The study also found that there is a lack of access to formal education for Rohingya children, although non-governmental organisations have attempted to fill that gap by setting up refugee schools.

Remedying the crisis

In order to address the Rohingya refugees crisis and alleviate their suffering in Malaysia, the study has suggested a few steps to be considered by respective stakeholders.

Among the suggestions is to establish a national policy on refugees to ensure their rights are upheld, the think tank said.

“Due to the absence of legal measures to protect the rights of refugees in Malaysia, they are vulnerable to exploitation, especially when it comes to wages.

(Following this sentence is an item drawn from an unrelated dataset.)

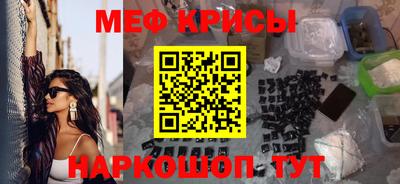 винт Будённовск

“As such, the national policy should include personal data collection to establish a refugee database by the Malaysian government, which encompasses healthcare services record, workplace, housing locations and financial information,” the think tank said. 

The think tank also said that access to quality education programmes is another important step that should be taken to counter and prevent violent extremism in the community.

Other areas that need attention include mental health support for Rohingya refugees who have experienced violence in their home country, support in healthcare services due to unaffordability, skills training to prevent refugees from falling into the same 3D (dirty, dangerous and difficult) jobs and peace building initiative.

According to Iman Research, as of March 2020, there are some 179,520 refugees and asylum-seekers registered with the United Nations High Commissioner of Refugees (UNHCR) in Malaysia, with Rohingyas comprising the largest group at more than 100,000 people.

The study was done in collaboration with the Canadian government, to investigate the push and pull factors influencing the Rohingya community in Malaysia towards violent extremist groups, such as the Islamic State (IS).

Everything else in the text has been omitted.